Task directions:
What is needed is an exact transcription of the listing, with the images removed.

Supplied data:
......

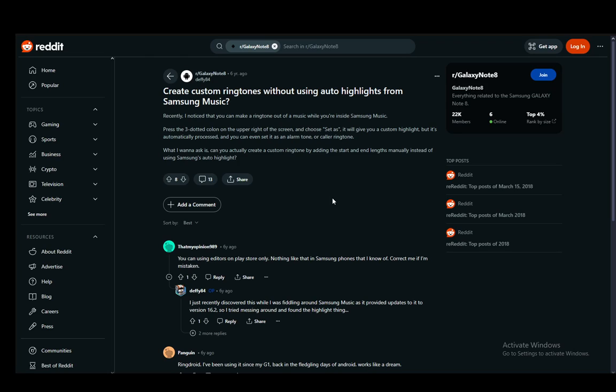Now, as you can see, to change the ringtone on your device, once you're in a song, you just click the three-dotted icon in the top right, which is the more options menu. From there, you click 'Set as' and the device will automatically create a custom highlight for you which you can then use as your ringtone. This does happen automatically - the app automatically creates this highlight. And as you can see, this person does not see the option to change this and create a custom highlight of their own.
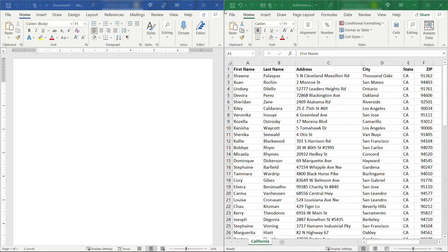Hi friends, thanks for watching! In this video I'll show you how to easily create envelopes using a mail merge in Microsoft Word, pulling data from Microsoft Excel. Let's get started.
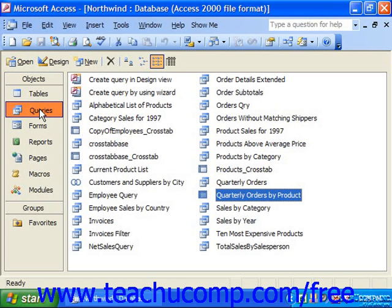Have you ever run queries and wished that the output could be saved as a permanent table? That is exactly what the MakeTable queries in Access do. A MakeTable query in Access creates a new table as the output of a query instead of simply displaying a query result set.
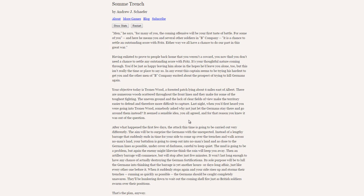Having enlisted to prove to people back home that you weren't a coward, you now find you don't need a chance to settle any outstanding score with Fritz. It's your thoughtful nature coming through. You'd be just as happy leaving him alone in the hopes he'd leave you alone too, but this isn't really the time or place to say so. In any event, this captain seems to be trying his hardest to get you and the other men of B Company excited about the prospect of trying to kill Germans again.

......

Completed exercise:
Now, as you can see, to change the ringtone on your device, once you're in a song, you just click the three-dotted icon in the top right, which is the more options menu. From there, you click 'Set as' and the device will automatically create a custom highlight for you which you can then use as your ringtone. This does happen automatically - the app automatically creates this highlight. And as you can see, this person does not see the option to change this and create a custom highlight of their own.
Hi friends, thanks for watching! In this video I'll show you how to easily create envelopes using a mail merge in Microsoft Word, pulling data from Microsoft Excel. Let's get started.
Have you ever run queries and wished that the output could be saved as a permanent table? That is exactly what the MakeTable queries in Access do. A MakeTable query in Access creates a new table as the output of a query instead of simply displaying a query result set.
Having enlisted to prove to people back home that you weren't a coward, you now find you don't need a chance to settle any outstanding score with Fritz. It's your thoughtful nature coming through. You'd be just as happy leaving him alone in the hopes he'd leave you alone too, but this isn't really the time or place to say so. In any event, this captain seems to be trying his hardest to get you and the other men of B Company excited about the prospect of trying to kill Germans again.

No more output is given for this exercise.